Book lying open with the beach in the background

The National Sexual Violence Resource Center library is overflowing with great materials, containing more than 44,000 unique titles and growing every day. NSVRC staff members share four of the collection’s resources you might want to grab for your own library. Looking for research materials? Search the database at

Cover of book, which shows an illustrated bird flying

Soaring Above the Ashes: Thriving Beyond Childhood Sexual Abuse, Stories and Portraits by Emily Samuelson

Author Emily Samuelson is an activist, psychologist, and survivor, and Soaring Above the Ashes is a fitting intersection of those three identities. The book features stunning black-and-white portraits of survivors coupled with their stories in their own words. There are few things as powerful as people’s firsthand accounts, and the stories shared are heartbreaking, real, and powerful. The result is a book that reminds the reader hope and healing are possible.  

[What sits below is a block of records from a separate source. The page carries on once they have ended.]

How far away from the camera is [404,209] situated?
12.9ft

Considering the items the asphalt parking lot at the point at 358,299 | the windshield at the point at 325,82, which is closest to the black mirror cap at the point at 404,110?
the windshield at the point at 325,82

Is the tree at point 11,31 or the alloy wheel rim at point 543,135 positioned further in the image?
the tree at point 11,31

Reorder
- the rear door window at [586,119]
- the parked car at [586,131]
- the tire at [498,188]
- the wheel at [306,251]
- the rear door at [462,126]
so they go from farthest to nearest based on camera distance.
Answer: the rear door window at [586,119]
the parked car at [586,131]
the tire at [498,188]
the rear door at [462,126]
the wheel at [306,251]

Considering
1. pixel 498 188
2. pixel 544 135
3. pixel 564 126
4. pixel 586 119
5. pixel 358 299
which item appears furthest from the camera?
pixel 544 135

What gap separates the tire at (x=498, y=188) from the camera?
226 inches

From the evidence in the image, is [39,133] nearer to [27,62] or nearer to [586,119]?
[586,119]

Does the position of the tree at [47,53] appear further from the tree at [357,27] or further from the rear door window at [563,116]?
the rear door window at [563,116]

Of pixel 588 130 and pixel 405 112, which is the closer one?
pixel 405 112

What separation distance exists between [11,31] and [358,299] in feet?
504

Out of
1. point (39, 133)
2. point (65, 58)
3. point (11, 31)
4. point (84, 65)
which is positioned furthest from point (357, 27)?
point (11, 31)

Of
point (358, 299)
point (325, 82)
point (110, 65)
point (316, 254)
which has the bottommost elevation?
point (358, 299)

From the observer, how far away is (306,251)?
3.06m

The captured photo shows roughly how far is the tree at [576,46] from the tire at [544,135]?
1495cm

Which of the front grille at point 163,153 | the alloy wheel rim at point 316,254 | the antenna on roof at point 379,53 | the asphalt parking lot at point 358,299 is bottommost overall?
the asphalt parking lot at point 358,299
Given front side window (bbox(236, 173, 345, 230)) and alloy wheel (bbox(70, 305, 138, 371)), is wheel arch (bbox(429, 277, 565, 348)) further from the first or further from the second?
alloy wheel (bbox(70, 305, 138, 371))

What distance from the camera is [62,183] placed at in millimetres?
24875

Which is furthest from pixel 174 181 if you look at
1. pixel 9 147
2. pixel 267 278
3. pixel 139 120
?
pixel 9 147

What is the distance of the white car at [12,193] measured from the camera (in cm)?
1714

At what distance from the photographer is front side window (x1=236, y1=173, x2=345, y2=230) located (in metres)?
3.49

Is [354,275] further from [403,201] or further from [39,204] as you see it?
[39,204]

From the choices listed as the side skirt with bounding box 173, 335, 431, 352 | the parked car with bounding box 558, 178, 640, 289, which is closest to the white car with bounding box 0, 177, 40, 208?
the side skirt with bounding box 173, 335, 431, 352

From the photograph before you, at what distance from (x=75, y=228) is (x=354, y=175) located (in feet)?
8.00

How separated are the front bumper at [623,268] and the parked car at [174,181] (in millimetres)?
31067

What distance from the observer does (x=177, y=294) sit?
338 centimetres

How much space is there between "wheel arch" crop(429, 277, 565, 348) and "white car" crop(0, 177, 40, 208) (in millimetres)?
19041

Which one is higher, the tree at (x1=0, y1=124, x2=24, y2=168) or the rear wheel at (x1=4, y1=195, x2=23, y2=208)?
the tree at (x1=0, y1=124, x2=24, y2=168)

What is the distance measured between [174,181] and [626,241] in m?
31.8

Soaring Above the Ashes: Thriving Beyond Childhood Sexual Abuse, Stories and Portraits by Emily Samuelson. (Otter Bay Books, 2018). 247 p.  

Cover of book which shows gymnast's feet on a balance beam

Abused: Surviving Sexual Assault and Toxic Gymnastics Culture by Rachel Haines

This memoir chronicles Rachel Haines’s life as a gymnast, from taking classes at age two to becoming a two-time National Champion. She shares her triumphs and struggles, not shying away from the abuse she experienced at the hands of former doctor Larry Nassar. It isn’t until years later that Haines fully realizes what she experienced was sexual abuse, and the latter half of the book covers her journey of coming to terms with the trauma and deciding to submit a statement to be read at Nassar’s trial. Haines writes from the heart, pouring out her pain, anger, and ultimate resilience — all through the lens of her identity as a gymnast.  

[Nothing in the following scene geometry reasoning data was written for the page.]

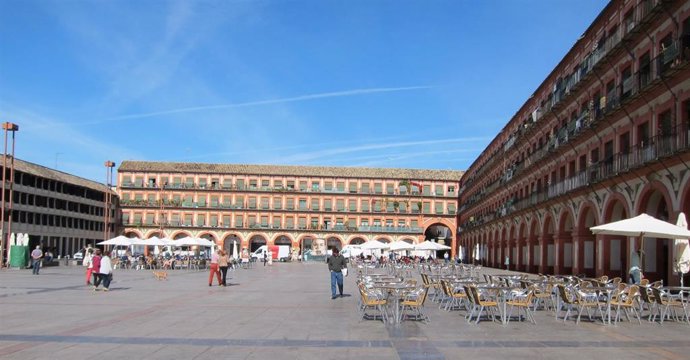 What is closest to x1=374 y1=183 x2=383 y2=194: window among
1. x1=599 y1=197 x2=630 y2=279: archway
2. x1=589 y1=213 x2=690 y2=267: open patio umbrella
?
x1=599 y1=197 x2=630 y2=279: archway

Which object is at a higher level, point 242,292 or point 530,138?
point 530,138

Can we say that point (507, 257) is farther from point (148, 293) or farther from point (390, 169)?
point (390, 169)

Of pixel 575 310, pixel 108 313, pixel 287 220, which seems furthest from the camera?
pixel 287 220

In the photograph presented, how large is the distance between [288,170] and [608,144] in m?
64.6

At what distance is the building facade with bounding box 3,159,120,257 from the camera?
64.6 m

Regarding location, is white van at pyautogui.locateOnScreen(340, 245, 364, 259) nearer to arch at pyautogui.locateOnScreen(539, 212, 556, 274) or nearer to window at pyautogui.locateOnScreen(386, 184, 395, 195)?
window at pyautogui.locateOnScreen(386, 184, 395, 195)

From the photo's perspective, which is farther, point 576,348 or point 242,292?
point 242,292

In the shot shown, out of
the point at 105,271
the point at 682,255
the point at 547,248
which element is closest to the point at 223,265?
the point at 105,271

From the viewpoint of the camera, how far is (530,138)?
1767 inches

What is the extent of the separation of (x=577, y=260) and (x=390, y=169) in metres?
60.3

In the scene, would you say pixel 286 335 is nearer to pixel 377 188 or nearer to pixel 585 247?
pixel 585 247

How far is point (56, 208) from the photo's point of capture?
72500 millimetres

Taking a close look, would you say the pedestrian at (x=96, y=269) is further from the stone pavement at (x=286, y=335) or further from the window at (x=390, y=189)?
the window at (x=390, y=189)

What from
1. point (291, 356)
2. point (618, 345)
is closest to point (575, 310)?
point (618, 345)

Abused: Surviving Sexual Assault and a Toxic Gymnastics Culture by Rachel Haines. (Rowman & Littlefield, 2019). 127 p.  

Cover of book, which shows Bill Cosby

Chasing Cosby: The Downfall of America's Dad by Nicole Weisensee Egan

Chasing Cosby represents the culmination of Nicole Weisensee Egan’s work as a lead investigative journalist reporting on the sexual assault case against Bill Cosby. As the first reporter who looked into the allegations against Cosby in 2005, Egan brings a unique perspective to the Cosby story. She covers his evasion of justice, trial, and ultimate conviction, all while weaving in the cultural influences surrounding the case and the psychology of Cosby himself. Her reporting is vivid and places the reader in the middle of the action, as if they’re watching the details of this momentous case happen all over again.  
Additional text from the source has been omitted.